*TASK PROMPT*. Begin at the top of the records below and return each line exactly through the line with "Jalan Margonda Depok". Skip pictures.
____ RECORDS PROVIDED
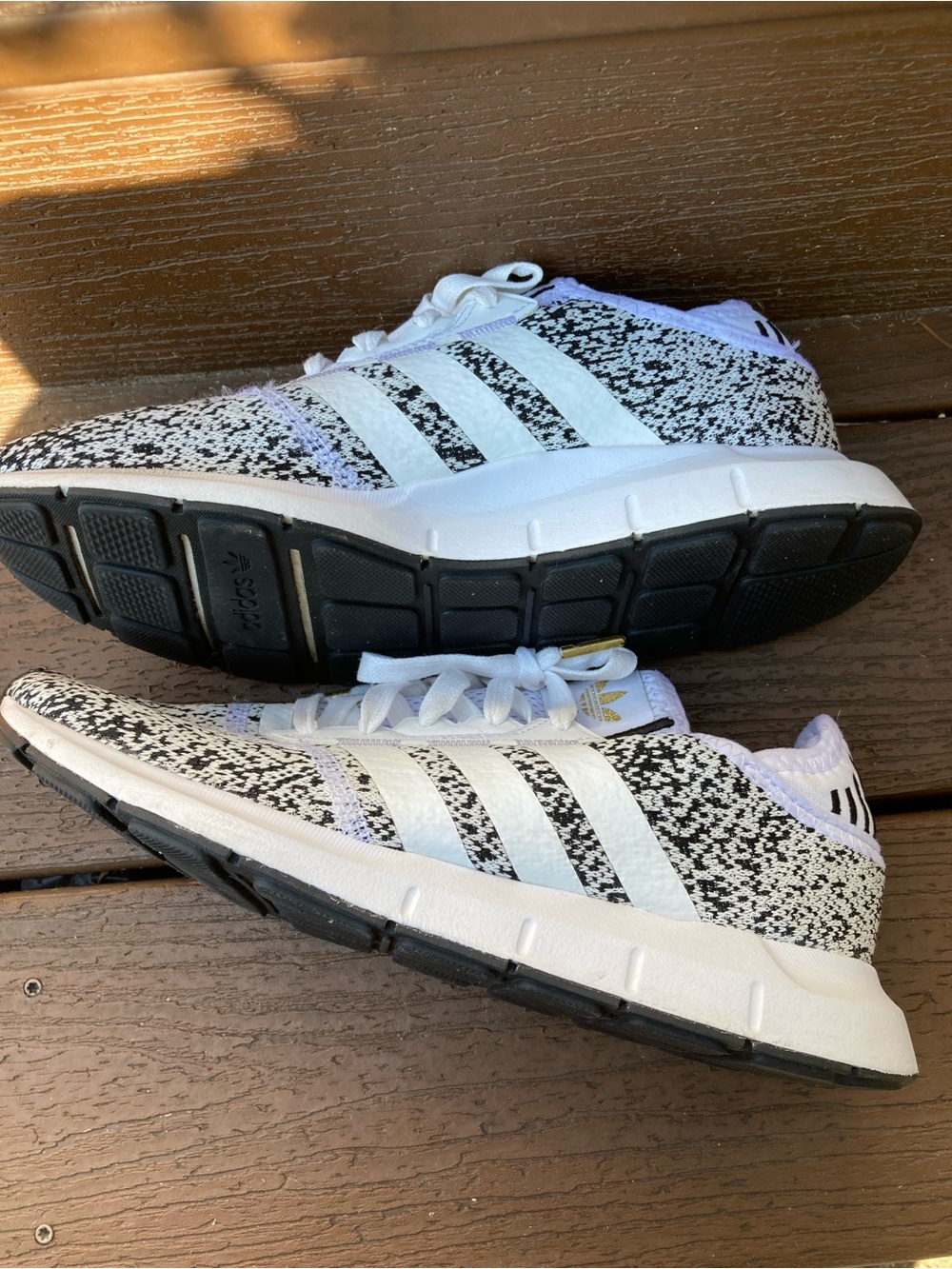 Adidas size 9 Swift Run X white and black speckled slip on sneakers - Picture 6 of 11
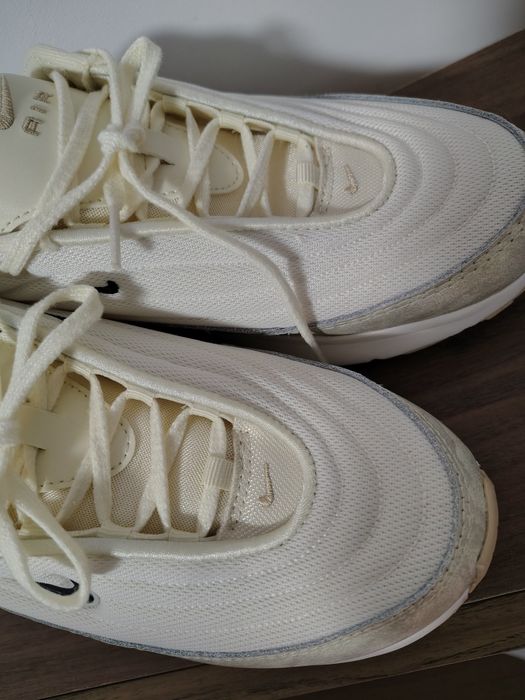 Маратонки Nike .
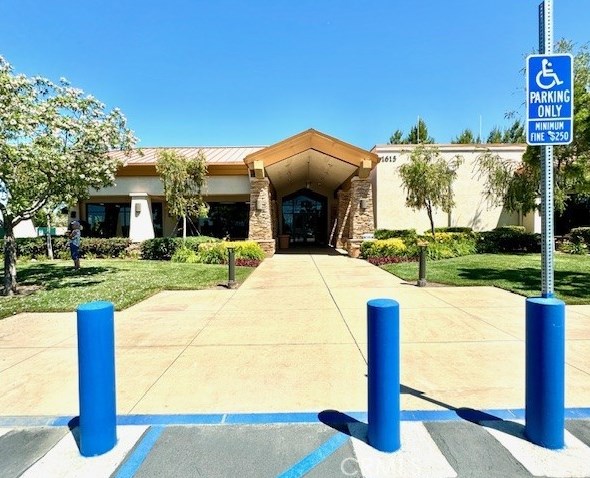 993 Blackhawk Dr, Beaumont CA  92223-8515 exterior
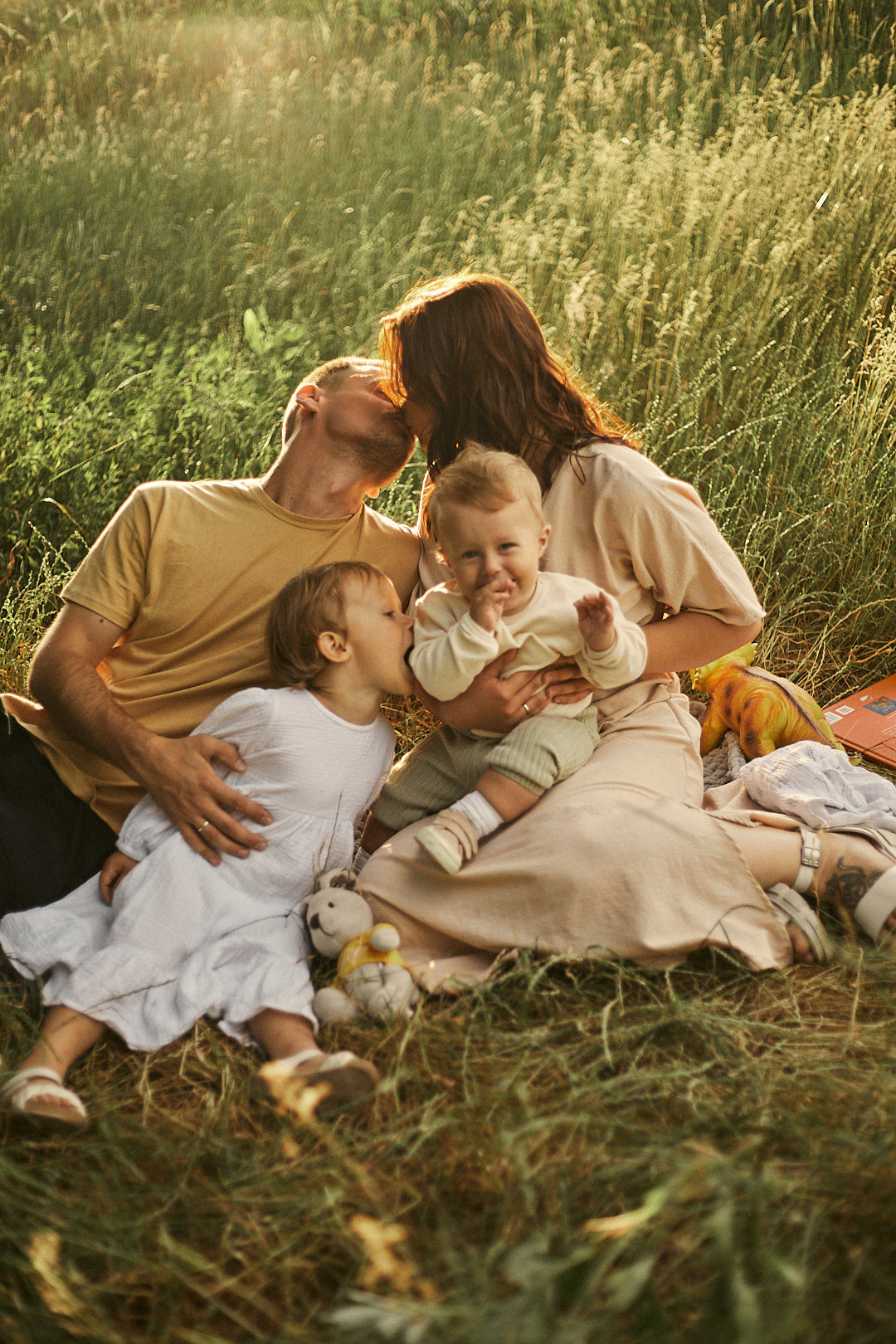 Юля, Влад, Злата й Марко. Сімейний фотограф в Києві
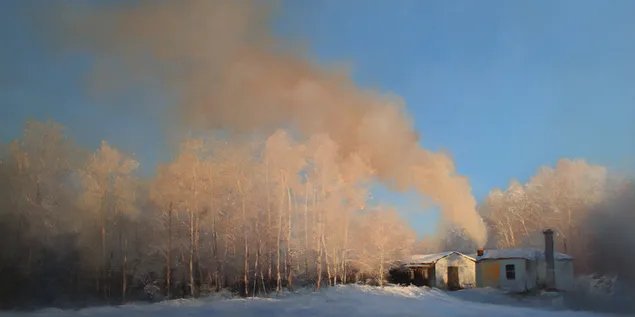 雪天早晨冒烟的小屋 2K 壁纸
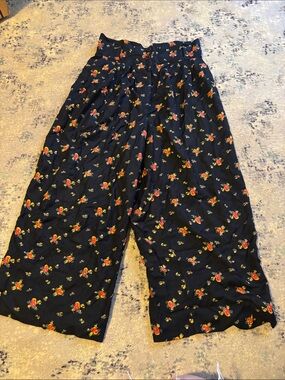 Vintage Karavan Rayon Culotte Pants Black Floral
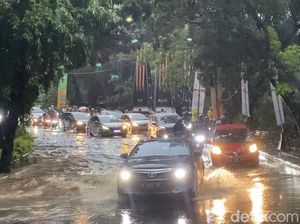 Jalan Margonda Depok Tergenang, Lalin dari Lenteng Agung Macet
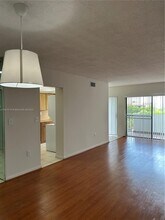5900 SW 127th Ave in Miami, FL - Building Photo - Building Photo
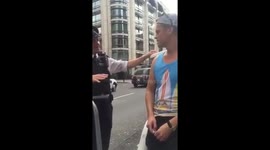 Rickshaw driver 'extorts' huge fare from tourists in London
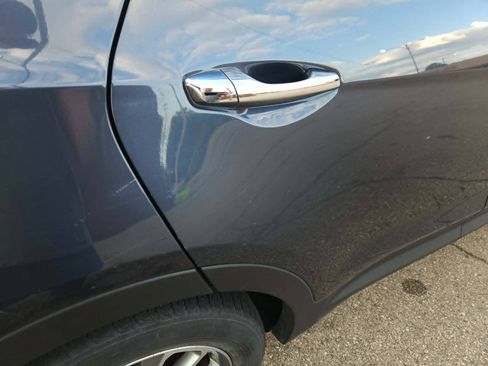 Used 2017 Hyundai Santa Fe SE AWD/4WD image 44
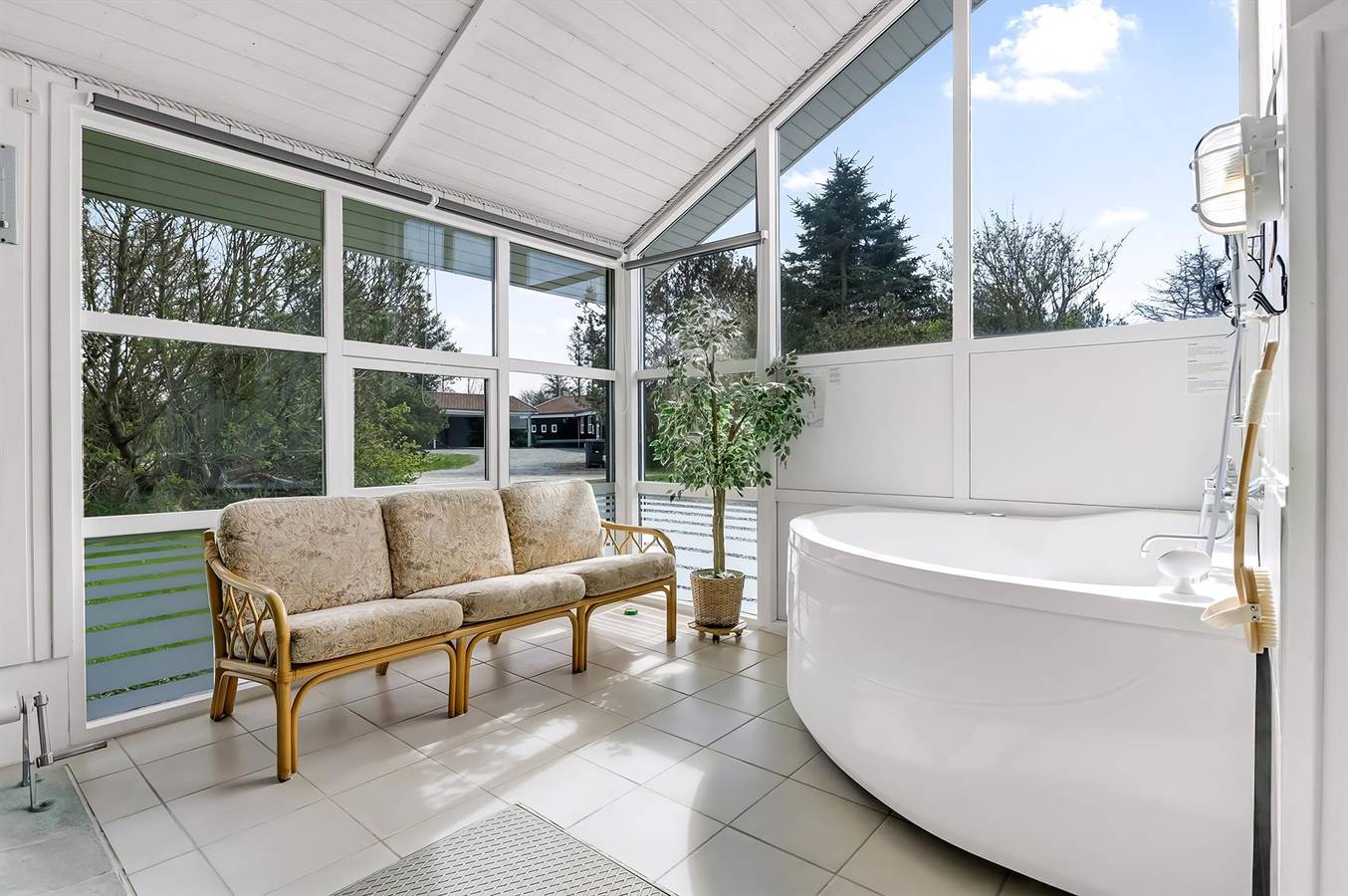 Amazing home in Løkken w/ Wifi, 4 Bedrooms and Indoor swimming pool in Løkken, Hjørring und Umgebung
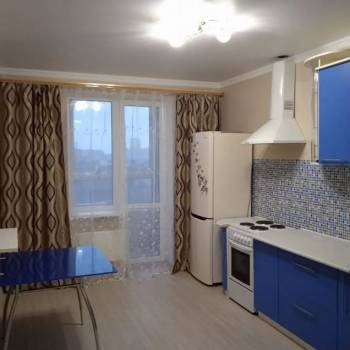 Сдается 1-комнатная квартира, 49 м²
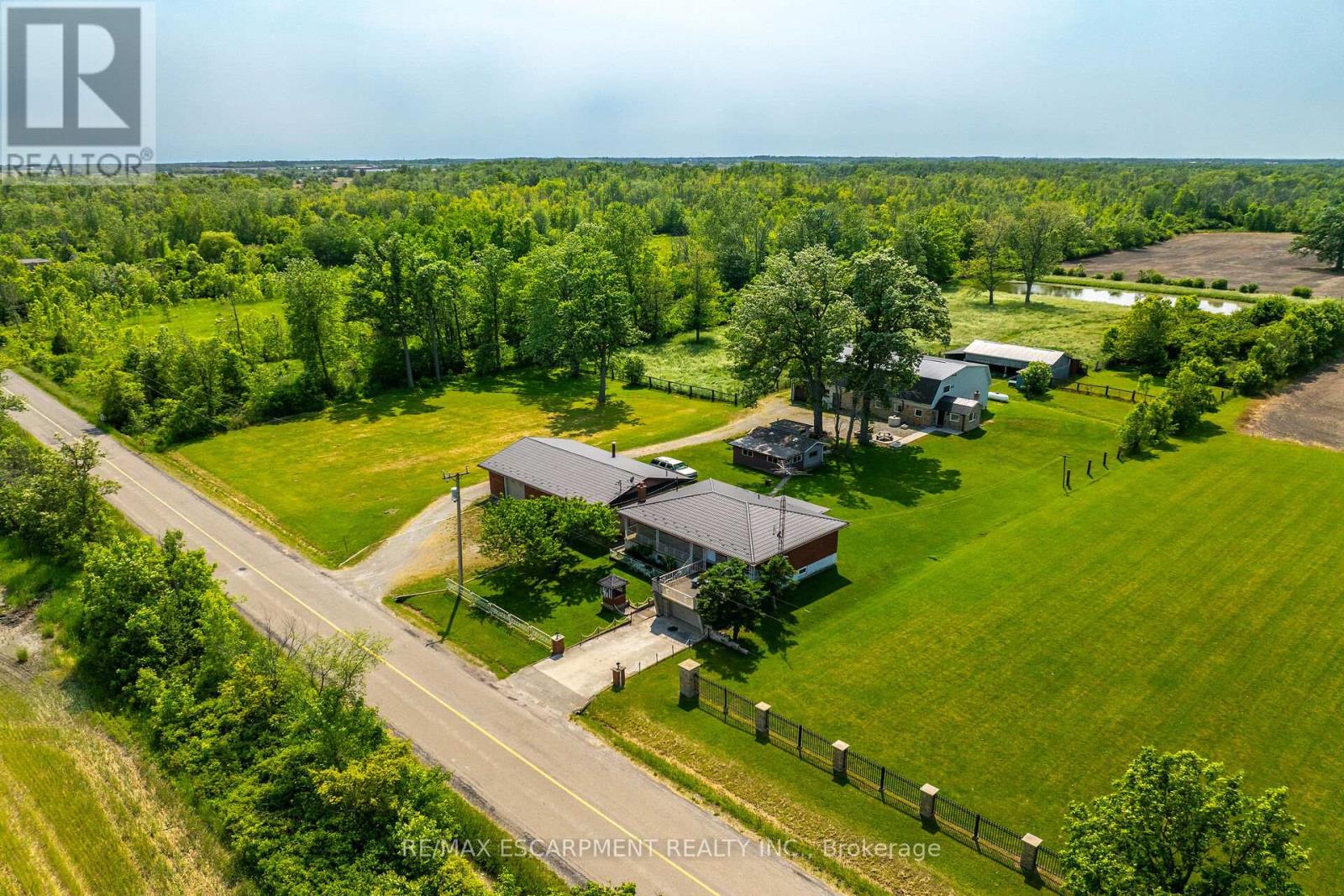 Detached at 617 EIGHTH ROAD E, Hamilton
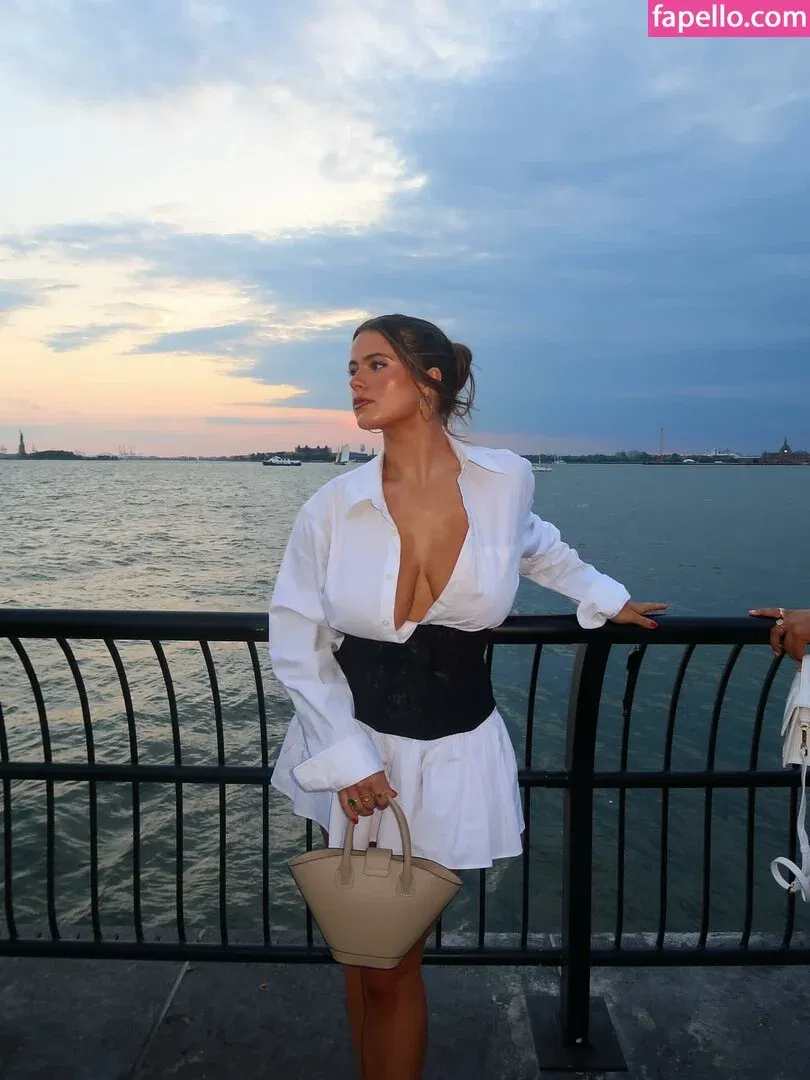 Isabella Lauren Onlyfans Photo Gallery 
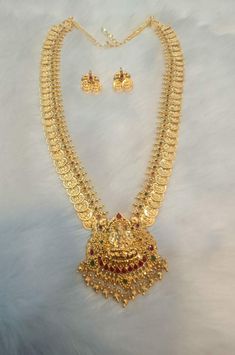 Gold Jewelry Prom, Haram Designs, Jewelry Prom, Bridal Gold Jewellery Designs, Bridal Gold Jewellery, Designer Sarees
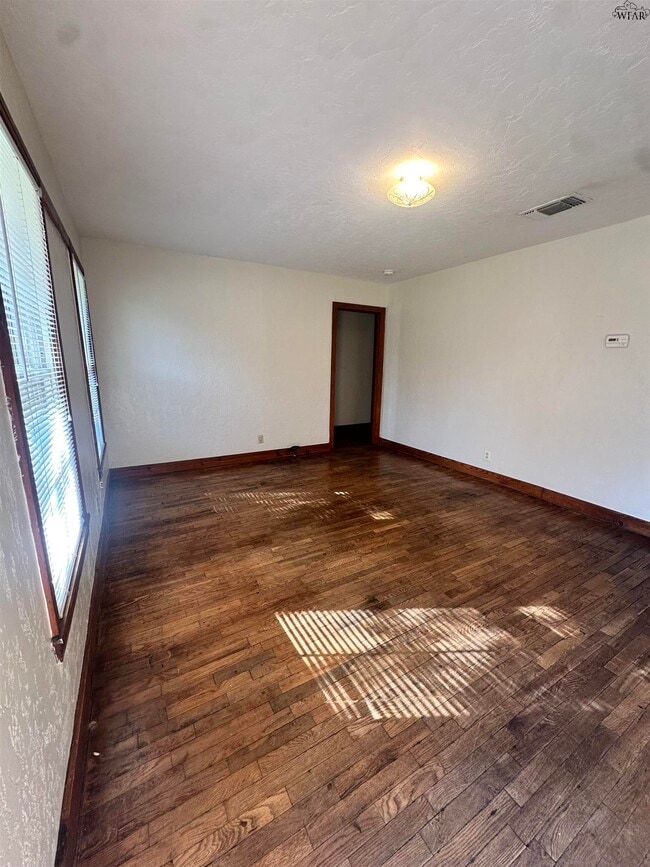 Foto del edificio - 3512 Garfield St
________
*ANSWER TO THE PROBLEM*.
 Adidas size 9 Swift Run X white and black speckled slip on sneakers - Picture 6 of 11
 Маратонки Nike .
 993 Blackhawk Dr, Beaumont CA  92223-8515 exterior
 Юля, Влад, Злата й Марко. Сімейний фотограф в Києві
 雪天早晨冒烟的小屋 2K 壁纸
 Vintage Karavan Rayon Culotte Pants Black Floral
 Jalan Margonda Depok Tergenang, Lalin dari Lenteng Agung Macet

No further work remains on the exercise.